# 2001 Yukon fuel pump replacement steps



## bobo6024 (May 11, 2010)

I have a 2001 Yukon, needs a new fuel pump, been a while since I replaced one, could some one please walk me thru the steps?


----------



## Raylo (Feb 12, 2006)

On a high level the procedure is simple: vent fuel pressure at the fuel rail, drop the tank, disconnect the electrical connectors and fuel lines at the tank, remove the level sending unit and fuel pump out the opening in the tank, pop in the new fuel pump, then put it all back together. If you have specific questions about any of these steps for your vehicle, ask. There is probably someone here that can help.


----------



## kjms1 (Jun 4, 2010)

If the truck still runs ... run it low on fuel those tank get heavy and your not in the best position on your back

are you changing just the pump or the whole unit?? 
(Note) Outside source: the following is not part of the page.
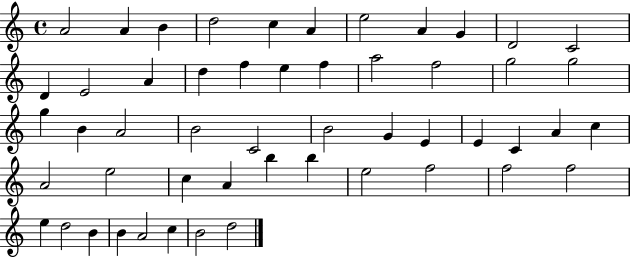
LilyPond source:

at the gas fill cap remove unbolt it from the truck (3 screws) so its lose and the ground strap when you drop the tank or you can mess with the hoses & clamps at the tank

drop the tank low enough so you can get to the fuel lines at the sending unit and undo them, unplug the wire plug... *just not sure if the 2001 has the nuts or the plastic lock clip that needs a special tool to release then* 
when the tank is out blow or clean the top around the sending unit dont need any dirt going in the tank


----------